The framing and manipulation of pictorial space by the bands along the edges of Provosty’s paintings also suggest this, as well as the fact that our task is not to surmount these distortions, but rather to learn to be aware of them, and to bend them to newer, better aims. Similarly, it is not unsurprising that Kassay has recently been focused on an even more conceptually oriented series of works where the remainders of canvas left over from the production of the silver paintings are framed, as is, on specially made stretchers that perfectly follow the contours of those scraps. These works conceptually “frame” the silver paintings by presenting for our intellectual and formal contemplation the typically invisible and extra-artistic refuse of painterly production, and in doing so act as a materialist complement and anchor to the aesthetic vision of the silver paintings.
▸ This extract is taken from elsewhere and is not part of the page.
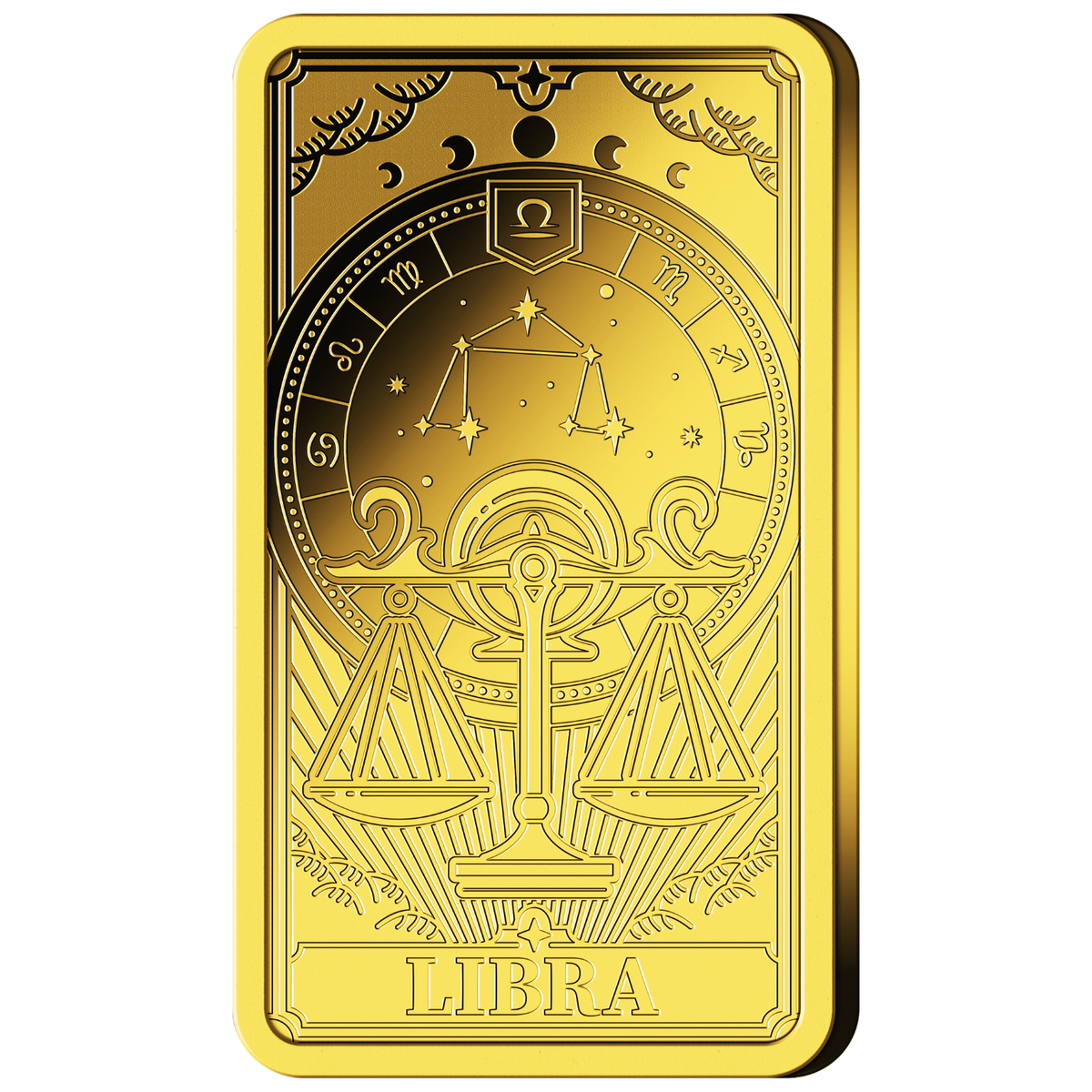 Goldbarren Sternzeichen Waage | 24.09. - 23.10. (mit Zertifikat)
However, neither the skeptical position of the 1960s nor the more open and embracing one of today is better than the other, for both are conditioned by the demands history makes of artists in terms of presenting the issues that beg to be confronted. In the 1960s it was enough to tackle the means by which the senses process the meaning of things in the world, as Bannard’s paintings do. Today, though, to do this is to risk losing ourselves within an infinite regression that removes from us all agency and breeds complacency.

Recognizing the insurmountability of the system is not to succumb to it, but rather to envision a heterotopia of alternate ways of existing within it. The particular heterotopia that Provosty’s paintings (as well as Kassay’s) suggest is one where the seemingly endless flow of information, and all the networks within it can be mobilized so as to not be passive. One of Provosty’s major contributions is to suggest that we both be aware of our placement in the world, but not too hung up on how we circulate in it. “Doubleu (Dark)” simultaneously embraces us by mirroring aspects of ourselves and our surroundings back, rejects us by limiting these reflections to shadows passing over and in a surface, and allows us a certain agency by having the nature of the pictorial space change with our movement and position.

 

1. Rosalind Krauss, “Darby Bannard’s New Work,” Artforum IV:8 (April 1966): 32.

2. Krauss, “Bannard’s New Work,” 33.

3. Jacob Kassay in “Jacob Kassay with Alex Bacon,” The Brooklyn Rail (forthcoming, December 2013/January 2014). 

4. Ad Reinhardt, “Black as Symbol and Concept,” in Barbara Rose, ed. Art-as-Art: The Writings of Ad Reinhardt (Berkeley, CA: University of California Press, 1975), 87.